If there are significant gaps in either, there are clearly issues to be addressed. How the issues should be addressed can be a very contentious and nuanced question, but that doesn’t mean that the gaps can be ignored. Organizations that figure out how to raise participation and close the gaps in reported experience without flattening out the diverse experiences and strengths of the employees will have a competitive advantage over organizations that ignore the problems or apply band-aid solutions that don’t feel authentic.

Although ladder implies that one can only move up or down on a rung-by-rung basis, this is probably not the case. One of the things that makes each of us unique is that we each represent an inner multiplicity. That “inner diversity” enables some of us to experience inclusion on a higher rung even though we have not yet experienced inclusion on a lower rung. For example, there are people who we hire explicitly because they bring a specific form of expertise that enables them to contribute at the contributor or challenger level, but that doesn’t mean that they will automatically experience inclusion at the learning or belonging levels. At least in theory, though, failing to find ways to welcome these people to also join on the belonging and learning rungs reduces the degree to which the organization can benefit from everything these experts have to offer.

Likewise, there may also be people who are able to cope with the dissonance that comes with feeling they are in a place where they don’t belong to participate as learners, contributors and even challengers, but they will be doing so at a personal cost that many of their peers do not bear, and that cost will express itself as opportunity cost for the organization.

Research shows that feeling you do not belong can increase cognitive load (it is mentally draining to be an environment where you feel you don’t belong), thereby decreasing mental resources you have available to devote to learning, contributing or challenging. If you don’t feel invited to openly acknowledge it when you need to learn something, you can end up trapped at your current level of competence, leading to a reduction in opportunities. If you don’t feel invited to fully contribute, you may avoid new or difficult assignments, leading to lower evaluation of your potential. If you don’t feel free to challenge the way things are done, the organization loses access to your ideas and may miss opportunities for improvement.
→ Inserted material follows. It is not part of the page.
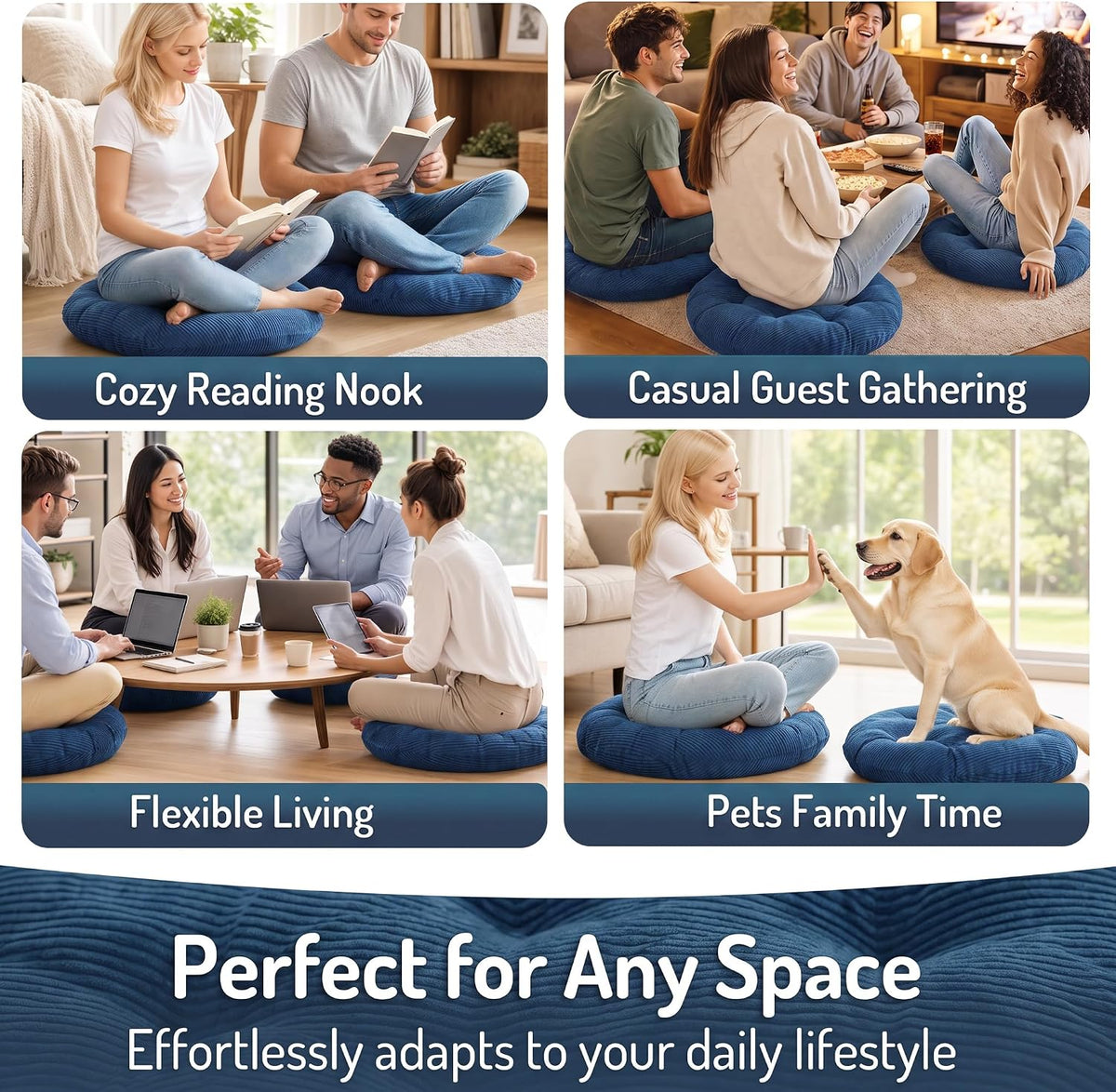 Large Floor Pillow for Adults, Square Meditation Cushion, 22 Inch Grey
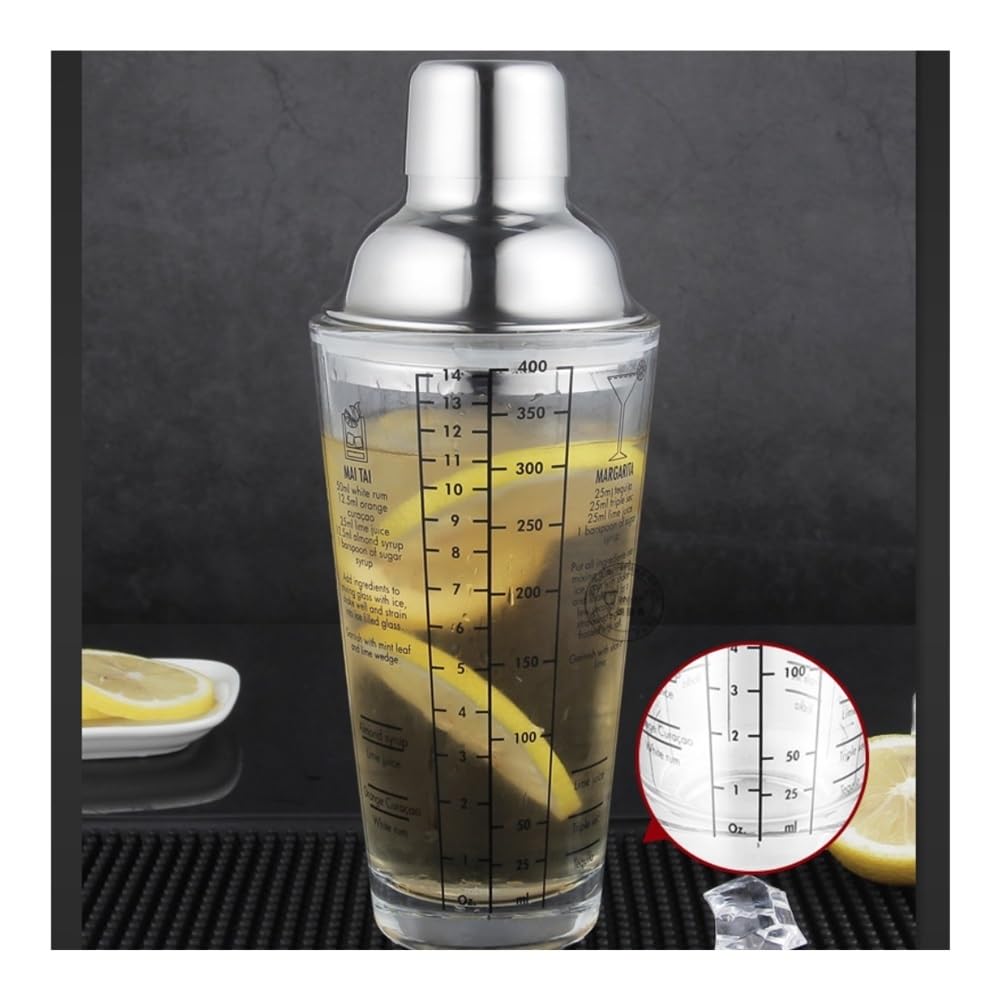 Coctelera Un juego de 6 vasos mezcladores de vidrio transparente y juegos de cocteleras de acero inoxidable.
And, even if you feel comfortable challenging, contributing and learning, if you don’t feel that you belong, you will probably start looking for ways to leave.

While it probably isn’t practical to expect anyone to experience full inclusion on every level of the ladder in every context, for every domain all the time, it would obviously be good for an organization to have more people feel more included in more contexts, domains, more frequently over time.

To what degree do we and our colleagues feel included at the various rungs of the Ladder of Inclusion? What’s getting in the way of individuals and groups experiencing inclusion on each rung fully? What’s keeping some of us from climbing to higher rungs so more of us can add more to the mix? What are we doing to enable our people to climb it?

As we tease out the answers to these kinds of questions, we uncover hints about what we can do to invite a broader range of people to participate more fully in the experience of making our organization successful. In the process, we also increase our access to the full value of the investments we make in those people. People are after all our most valuable resource when we enable them to contribute everything they’ve got to our collective success.